[Web page caption snippets]
════════════════════

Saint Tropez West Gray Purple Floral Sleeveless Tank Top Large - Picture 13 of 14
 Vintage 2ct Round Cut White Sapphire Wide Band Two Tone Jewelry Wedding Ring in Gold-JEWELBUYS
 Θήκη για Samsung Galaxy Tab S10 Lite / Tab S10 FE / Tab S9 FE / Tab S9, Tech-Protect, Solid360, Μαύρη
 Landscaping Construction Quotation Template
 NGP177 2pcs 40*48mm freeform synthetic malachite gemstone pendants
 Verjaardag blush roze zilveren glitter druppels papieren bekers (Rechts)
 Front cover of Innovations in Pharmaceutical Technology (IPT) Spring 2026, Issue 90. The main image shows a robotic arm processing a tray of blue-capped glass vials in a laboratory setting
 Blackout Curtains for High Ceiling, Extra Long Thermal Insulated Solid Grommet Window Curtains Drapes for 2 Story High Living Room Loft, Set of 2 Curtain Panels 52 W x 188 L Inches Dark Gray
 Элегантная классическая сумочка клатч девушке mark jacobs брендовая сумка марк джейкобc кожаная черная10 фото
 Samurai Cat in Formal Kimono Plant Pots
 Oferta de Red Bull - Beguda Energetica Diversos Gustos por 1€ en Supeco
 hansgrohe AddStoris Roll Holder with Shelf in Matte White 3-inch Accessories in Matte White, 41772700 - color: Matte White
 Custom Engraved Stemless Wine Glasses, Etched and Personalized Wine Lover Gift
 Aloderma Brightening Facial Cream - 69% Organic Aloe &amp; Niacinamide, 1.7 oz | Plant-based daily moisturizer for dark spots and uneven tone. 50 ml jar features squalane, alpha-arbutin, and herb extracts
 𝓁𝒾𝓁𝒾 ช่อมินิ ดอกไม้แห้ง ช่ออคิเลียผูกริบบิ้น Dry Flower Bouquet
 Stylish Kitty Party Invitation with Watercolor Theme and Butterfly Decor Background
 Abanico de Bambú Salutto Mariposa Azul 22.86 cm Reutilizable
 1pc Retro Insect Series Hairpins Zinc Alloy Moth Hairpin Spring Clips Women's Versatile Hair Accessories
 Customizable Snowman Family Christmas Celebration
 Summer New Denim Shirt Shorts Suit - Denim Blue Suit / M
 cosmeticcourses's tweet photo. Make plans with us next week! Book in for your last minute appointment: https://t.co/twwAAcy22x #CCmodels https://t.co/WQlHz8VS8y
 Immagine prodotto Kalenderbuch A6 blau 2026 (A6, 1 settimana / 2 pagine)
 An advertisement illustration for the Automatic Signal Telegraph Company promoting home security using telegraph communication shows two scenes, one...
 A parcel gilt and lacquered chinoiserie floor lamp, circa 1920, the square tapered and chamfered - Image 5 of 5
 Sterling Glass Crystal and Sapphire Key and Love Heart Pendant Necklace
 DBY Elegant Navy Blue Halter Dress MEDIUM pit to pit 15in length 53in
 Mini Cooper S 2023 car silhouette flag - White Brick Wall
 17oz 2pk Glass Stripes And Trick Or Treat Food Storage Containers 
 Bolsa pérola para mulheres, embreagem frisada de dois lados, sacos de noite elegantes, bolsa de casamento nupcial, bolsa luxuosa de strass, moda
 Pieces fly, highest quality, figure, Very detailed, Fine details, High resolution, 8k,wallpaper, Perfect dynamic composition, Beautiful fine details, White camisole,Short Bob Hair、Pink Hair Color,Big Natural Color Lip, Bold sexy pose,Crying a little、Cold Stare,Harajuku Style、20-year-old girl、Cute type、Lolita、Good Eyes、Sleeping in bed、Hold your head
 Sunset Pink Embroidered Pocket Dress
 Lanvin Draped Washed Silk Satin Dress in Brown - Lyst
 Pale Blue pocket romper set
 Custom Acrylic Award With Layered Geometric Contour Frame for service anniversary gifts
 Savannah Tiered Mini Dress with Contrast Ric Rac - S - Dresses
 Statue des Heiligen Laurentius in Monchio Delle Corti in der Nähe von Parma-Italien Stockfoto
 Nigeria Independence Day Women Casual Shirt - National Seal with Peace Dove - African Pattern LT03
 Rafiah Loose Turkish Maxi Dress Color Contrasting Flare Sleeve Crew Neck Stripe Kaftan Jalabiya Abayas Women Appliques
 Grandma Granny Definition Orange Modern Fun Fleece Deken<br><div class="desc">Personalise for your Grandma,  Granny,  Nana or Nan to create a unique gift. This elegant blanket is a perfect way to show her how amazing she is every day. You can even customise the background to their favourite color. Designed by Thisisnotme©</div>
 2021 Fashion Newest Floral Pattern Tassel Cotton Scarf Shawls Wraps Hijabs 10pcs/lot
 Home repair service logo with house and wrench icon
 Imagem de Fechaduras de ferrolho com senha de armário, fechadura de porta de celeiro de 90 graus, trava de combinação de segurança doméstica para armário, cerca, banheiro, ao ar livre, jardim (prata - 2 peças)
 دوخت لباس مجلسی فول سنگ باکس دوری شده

════════════════════

** Exercise description **
Retype exactly the lines of the data above, starting at its first line and finishing with the line that has "Customizable Snowman Family" in it.

** Task solution **
Saint Tropez West Gray Purple Floral Sleeveless Tank Top Large - Picture 13 of 14
 Vintage 2ct Round Cut White Sapphire Wide Band Two Tone Jewelry Wedding Ring in Gold-JEWELBUYS
 Θήκη για Samsung Galaxy Tab S10 Lite / Tab S10 FE / Tab S9 FE / Tab S9, Tech-Protect, Solid360, Μαύρη
 Landscaping Construction Quotation Template
 NGP177 2pcs 40*48mm freeform synthetic malachite gemstone pendants
 Verjaardag blush roze zilveren glitter druppels papieren bekers (Rechts)
 Front cover of Innovations in Pharmaceutical Technology (IPT) Spring 2026, Issue 90. The main image shows a robotic arm processing a tray of blue-capped glass vials in a laboratory setting
 Blackout Curtains for High Ceiling, Extra Long Thermal Insulated Solid Grommet Window Curtains Drapes for 2 Story High Living Room Loft, Set of 2 Curtain Panels 52 W x 188 L Inches Dark Gray
 Элегантная классическая сумочка клатч девушке mark jacobs брендовая сумка марк джейкобc кожаная черная10 фото
 Samurai Cat in Formal Kimono Plant Pots
 Oferta de Red Bull - Beguda Energetica Diversos Gustos por 1€ en Supeco
 hansgrohe AddStoris Roll Holder with Shelf in Matte White 3-inch Accessories in Matte White, 41772700 - color: Matte White
 Custom Engraved Stemless Wine Glasses, Etched and Personalized Wine Lover Gift
 Aloderma Brightening Facial Cream - 69% Organic Aloe &amp; Niacinamide, 1.7 oz | Plant-based daily moisturizer for dark spots and uneven tone. 50 ml jar features squalane, alpha-arbutin, and herb extracts
 𝓁𝒾𝓁𝒾 ช่อมินิ ดอกไม้แห้ง ช่ออคิเลียผูกริบบิ้น Dry Flower Bouquet
 Stylish Kitty Party Invitation with Watercolor Theme and Butterfly Decor Background
 Abanico de Bambú Salutto Mariposa Azul 22.86 cm Reutilizable
 1pc Retro Insect Series Hairpins Zinc Alloy Moth Hairpin Spring Clips Women's Versatile Hair Accessories
 Customizable Snowman Family Christmas Celebration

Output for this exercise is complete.